De l’avis d’un grand nombre de spécialistes, même si l’intervention massive des états devait permettre de relancer l’activité boursière, sans une refonte du système, les mêmes causes reproduiraient les mêmes effets.

 

Or que se passe-t-il ? les seuls analyses que produisent les chefs d’états du G8, consistent à vouloir « moraliser » ou « réguler » le système. En gros il suffirait de débarrasser le bon système capitaliste de ses excès immoraux pour que tout rentre dans l’ordre.

 

Certes, l’ultralibéralisme en prend un sérieux coups dans sa crédibilité, mais de là à faire croire que l’intervention de l’état sauvera la planète avec des pseudo nationalisations , il y a un énorme mensonge que nous ne sommes pas dans l’obligation d’avaler.

 

Premièrement il ne s’agit que de « nationalisations » temporaires, autrement dit, le basculement dans le sens de la privatisation sera effectif dès que les affaires reprendront, mais de plus il s’agit en fait que de mesures d’étatisation dont le seul but est de permettre de réinjecter de l’argent public dans la sphère financière. Ce qui signifie que sous couvert de nationalisation, on vient uniquement taper un grand coup dans le porte monnaie des familles.

 

Une nationalisation c’est tout autre chose.

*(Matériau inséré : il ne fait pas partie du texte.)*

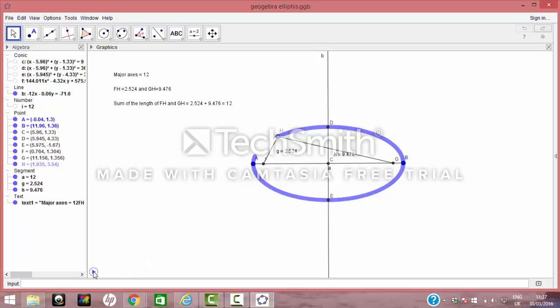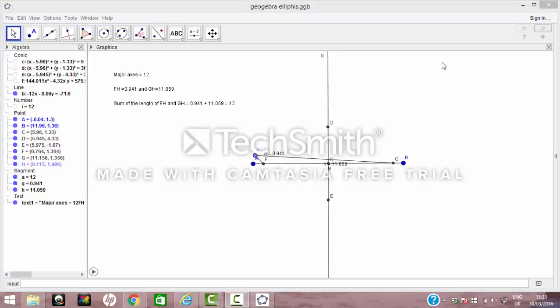That sum is always equal, and thus verifies that the pin and string method works for drawing an ellipse.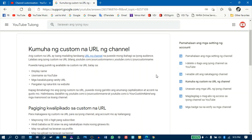Kapag ibinabahagi mo ang iyong custom na URL, pwede mong gamitin ang anumang capitalization at accent na gusto mo. Halimbawa, dadalhin ng youtube.com/c/yourcustomname at youtube.com/c/YourCustomName ang mga manunood sa iisang channel. Ibig sabihin, kahit lahat small letter o may combination ng big at small letter, iisa lang yung channel na pupuntahan nila.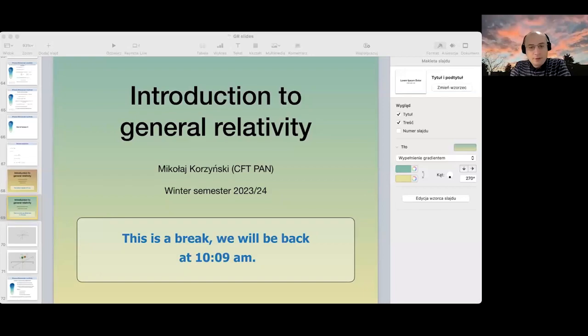Good morning everyone. This is the fifth lecture. Let me briefly remind you that the first problem sheet is due on November the third, and the second problem sheet is already on the web page. Let's begin with a small introduction of what we have been doing recently.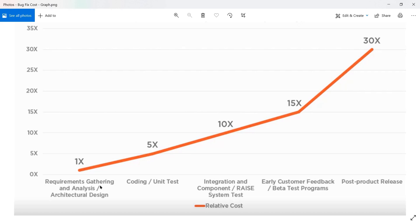From this graph we can understand: if you find a bug in the requirement gathering phase, the cost is 1X. The same bug found in coding or unit testing costs 5X; in integration and component it's 10X; in beta testing it's 15X; and in post-production it's 30X. So from the first stage to post-production, we see a drastic and significant change in cost factor as we move ahead through the phases.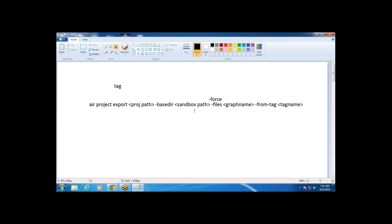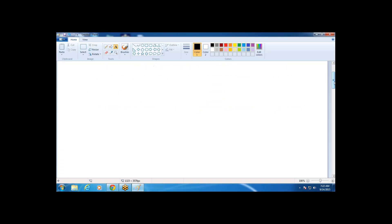To create a tag: tags are created per project — you cannot mix objects from different projects into one tag. All objects belonging to one project are grouped in one tag. The command is: air tag create, followed by the tag name, then hyphen file and the filename that contains the list of objects. The lock commands available are: lock switch, lock break, lock release, and lock show.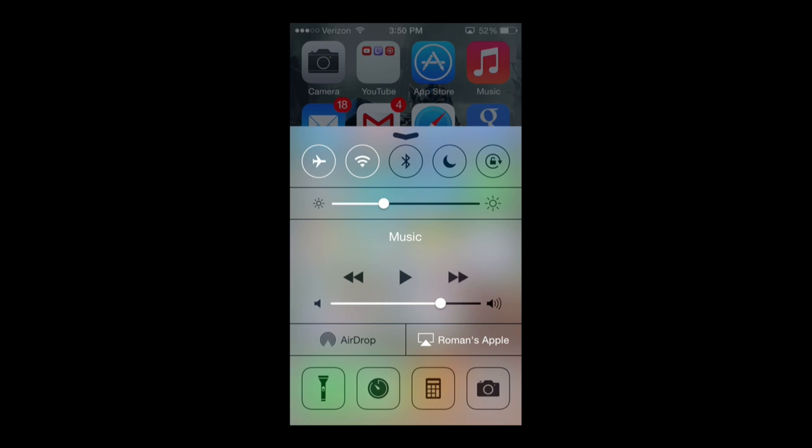And I'd like to say airplane mode is you turn that on whenever you're on an airplane. Most airplanes nowadays have wifi in them, but when you're taking off, they suggest you shut off everything. If you put on airplane mode, your iPhone should be completely fine.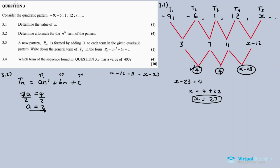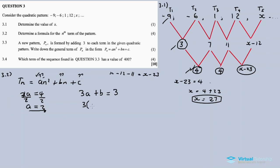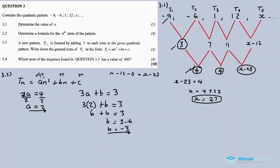Now for the value of b. We use the formula: 3a + b equals the first difference at the first position, which is 3. Substituting a = 2: 3 times 2 plus b equals 3, so 6 plus b equals 3. Therefore b equals 3 minus 6, giving b equals negative 3.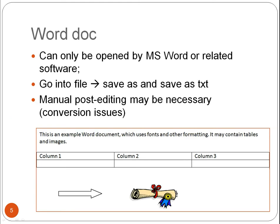In contrast, a Word document may contain all sorts of formatting and can only be opened by Microsoft Word or similar type of software. It's not a good idea to use a Word document for any data capturing. If you type data in, type them straight into Notepad if you're working on a PC or TextEdit in plain text mode if you're working on a Mac. Don't type data into Word.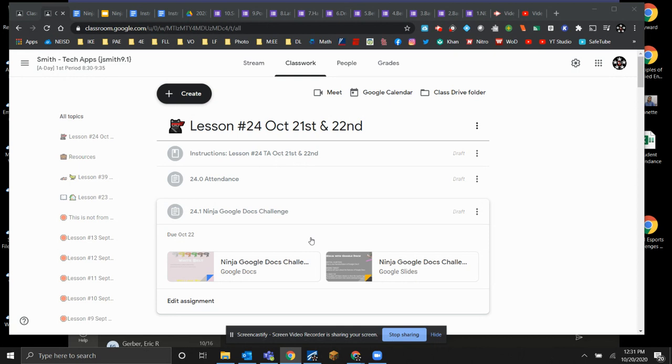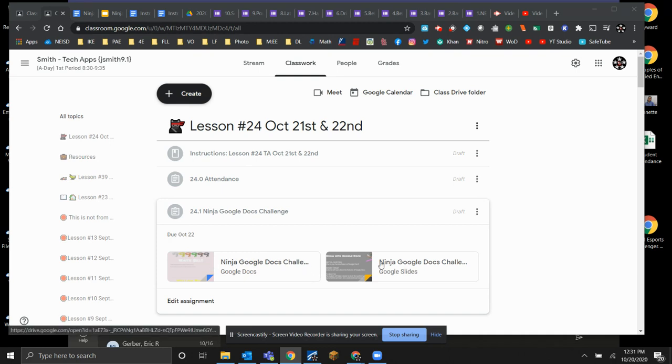You're going to demonstrate or learn some new skills. Most of you already have these. Okay, so you're going to open up both of these two items.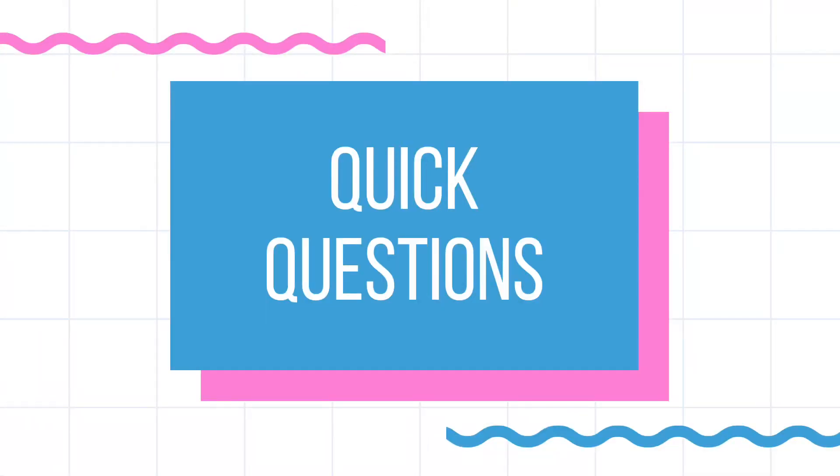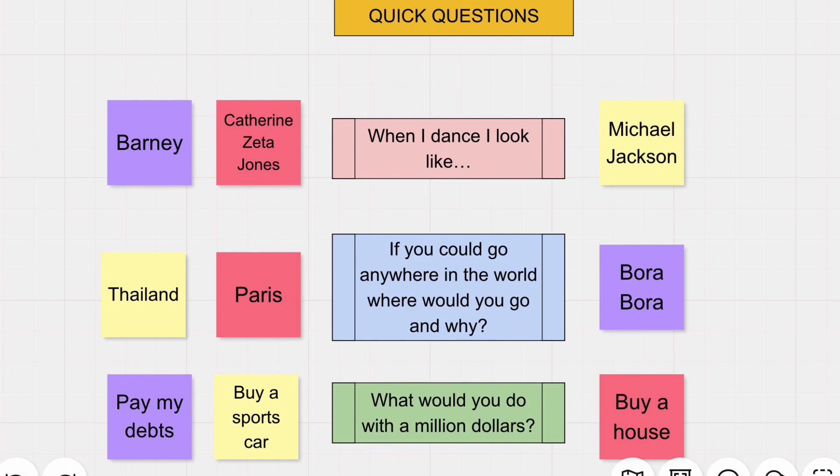Number five is quick questions. You can prepare some questions or look for templates already available on the internet. For fill-in-the-blank templates, you can use prompts like 'When I dance, I look like...' or 'My favorite celebrity crush is...' You can also ask questions like 'Who is your favorite Avenger and why?', 'If you could go anywhere in the world, where would you be and why?', 'Are you a morning or a night person?', or 'What would you do if you had $1 million?' Using Desco, display the question on the board and ask each member to write their answer on their colored sticky note. After everything is done, have everyone go through the answers and get to know each other.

C’est de rendre à la nation, donc au peuple les leviers de décisions et d’orientation de l’économie. Rien à voir avec ce qui se passe aujourd’hui.

 

A l’inverse, sortir de la crise économique passe par une relance de l’économie « réelle », donc par une relance du pouvoir d’achat des salaires, des retraites, des minima sociaux  et donc de la croissance utile et de l’emploi.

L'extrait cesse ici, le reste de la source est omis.